Greene County health officials stress importance of following state orders

Local News

GREENE COUNTY, Ohio (WDTN) – Greene County Public Health Medical Director and Coroner Kevin Sharrett said Tuesday, “We are facing the calm before the storm” regarding the COVID-19 pandemic.

He and his colleagues still hear one central question from patients each day, asking what they can do to prevent becoming infected with the virus or spreading it to others. His advice echoes that of national, state, and local officials.

The public should make a conscious effort to wash their hands properly and often, avoid any social contact that is not essential, and keep your distance from others if you do need to go outside.

“Every contact that you eliminate saves lives. That cannot be stressed enough,” Sharrett said.

Greene County Health Commissioner Melissa Howell says that as of Tuesday, there are 6 cases in the area. Two of those individuals are hospitalized. One person has died, and Howell says this person was not associated with any healthcare facility and had not recently traveled.

While parks remain open in the area, Howell is asking the public not to use them if they are experiencing any symptoms of COVID-19, and to expect limited access to trails as officials try to encourage social distancing.

Each day next week, Howell says they will focus on the impact that COVID-19 has had on mental health, maternal and child health, violence prevention, the food industry, education, persons experiencing homelessness, and the business community.

Public Health is asking for donations of PPE for first responders in the community. More details can be found at this website.

On behalf of first responders, Howell says you should let dispatchers know if you are experiencing symptoms related to coronavirus. Call 911 if you feel you need immediate medical attention, and for those experiencing mild symptoms, call your health care provider instead to keep emergency resources available to those with immediate needs.

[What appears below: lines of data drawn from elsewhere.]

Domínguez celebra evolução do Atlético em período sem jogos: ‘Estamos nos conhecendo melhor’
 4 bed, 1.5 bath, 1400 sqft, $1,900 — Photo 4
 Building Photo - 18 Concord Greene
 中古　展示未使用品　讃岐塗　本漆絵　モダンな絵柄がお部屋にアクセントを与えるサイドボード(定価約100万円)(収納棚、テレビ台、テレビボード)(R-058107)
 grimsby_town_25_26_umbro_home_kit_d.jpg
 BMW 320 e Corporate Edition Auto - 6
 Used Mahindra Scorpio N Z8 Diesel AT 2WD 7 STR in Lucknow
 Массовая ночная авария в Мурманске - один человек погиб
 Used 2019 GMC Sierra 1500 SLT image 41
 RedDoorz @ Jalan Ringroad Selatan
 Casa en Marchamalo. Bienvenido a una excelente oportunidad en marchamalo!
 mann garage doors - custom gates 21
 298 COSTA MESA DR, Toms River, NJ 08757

Representative Rick Perales expressed his concern for those experiencing homelessness during the pandemic, including veterans.

“I am informed that in Greene County, and I’m sure it’s similar in Montgomery County, there are four homeless shelters and they’re all in jeopardy of being closed because we don’t have the volunteers,” he said. “We need to step up and support them [veterans] and the other homeless folks there.”

He also encouraged direct communication between Ohioans and their elected officials, including state senators and representatives.